TL;DR: ISO/IEC 42001 gives organisations a structured way to govern AI risk, but implementation still breaks down where teams lack visibility into data access, lineage, and audit evidence, according to Cyera and Deloitte. The standard only works operationally when data control is enforced at the layer where AI systems actually consume and move information.
NHIMG editorial — based on content published by Cyera: ISO/IEC 42001 for AI Governance: What Security Teams Need (and How DSPM Maps to It)
By the numbers:
- 69% said it would take over a year to fully implement a governance strategy.
- 63% of surveyed organizations lacked AI governance policies to manage AI or prevent the proliferation of shadow AI.
Questions worth separating out
Q: How should security teams govern AI systems that access sensitive data?
A: Security teams should govern AI systems as data consumers with explicit ownership, scoped access, and continuous monitoring.
Q: Why do AI governance programmes fail without data visibility?
A: They fail because AI risk usually emerges from the data path, not from the model alone.
Q: What breaks when AI tools are approved once and never rechecked?
A: The original approval no longer reflects the real risk.
Practitioner guidance
- Inventory every AI system that touches sensitive data Build a current register of copilots, embedded AI features, unapproved tools, and workflow automations that can read or write regulated data.
- Enforce data-layer controls before the model layer Apply classification, access restriction, and policy enforcement where the data resides, not only inside the application that consumes it.
- Establish continuous monitoring for AI-data interactions Track which systems access sensitive data, how often they do it, and whether usage changes after approval.
What's in the full article
Cyera's full research covers the operational detail this post intentionally leaves for the source:
- A walkthrough of how DSPM supports AI governance mapping across data stores, SaaS apps, and internal tools
- Examples of the specific control points used to enforce policy at the data layer rather than only in the application
- Implementation guidance for continuous monitoring, audit trail generation, and evidence collection in AI workflows
- The source's fuller discussion of common failure patterns such as shadow AI, stale approvals, and manual compliance evidence
👉 Read Cyera's analysis of ISO/IEC 42001 and DSPM for AI governance →
ISO/IEC 42001 and DSPM: what security teams must govern now?
Explore further
ISO/IEC 42001 only becomes meaningful when governance is tied to data control. The standard gives organisations a management framework, but the article shows that framework alone does not produce enforceable security. AI governance breaks when teams cannot see what data is being consumed, where it flows, or whether access is still justified. Practitioners should treat data visibility as the control plane that makes AI governance auditable.
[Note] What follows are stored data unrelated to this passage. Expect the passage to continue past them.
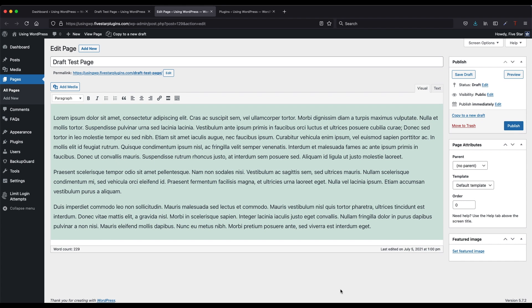This video will show you how to set a page as a draft on your WordPress site using the classic editor. This means the page will not be published and will not show on your site.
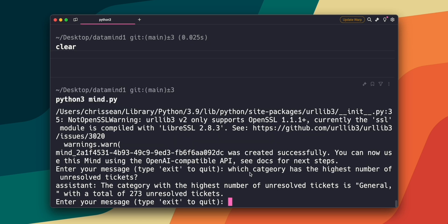The category with the highest number of unresolved tickets is general with a total of 273 unresolved tickets. And that's so amazing because now, as you can tell, I'm literally interacting with my database, not in SQL, but in plain English. Let's ask another question.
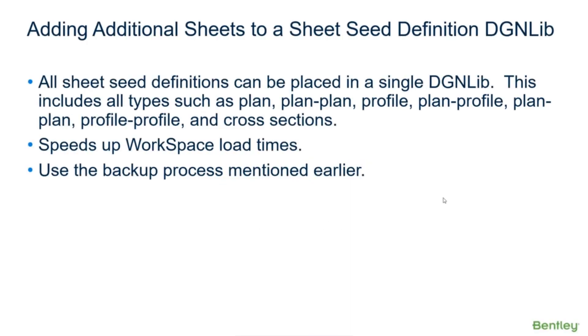Now we're going to talk about adding additional sheets to a sheet seed definition. All sheet seed definitions can be placed in a single DGNLib if you want - all of it: plan, plan-plan, profile, plan-profile, plan-plan, profile-profile, and cross sections.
A few things that frame the scale:
- 67% of organisations still rely heavily on static credentials despite the risks they pose to agentic AI deployments, according to The 2026 Infrastructure Identity Survey.
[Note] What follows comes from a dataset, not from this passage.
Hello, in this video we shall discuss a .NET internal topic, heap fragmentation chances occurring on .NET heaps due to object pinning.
- Only 13% of organisations feel extremely prepared for the reality of agentic AI despite the majority racing toward autonomous adoption.
A question worth separating out:
Q: Who is accountable for ISO/IEC 42001 evidence and AI access control?
A: Accountability belongs to the organisation that owns the AI system, not the tool itself. The programme needs named owners for data sources, access rules, monitoring, and audit evidence so responsibility does not disappear into shared workflows. In practice, this is a joint responsibility across security, data governance, and identity teams.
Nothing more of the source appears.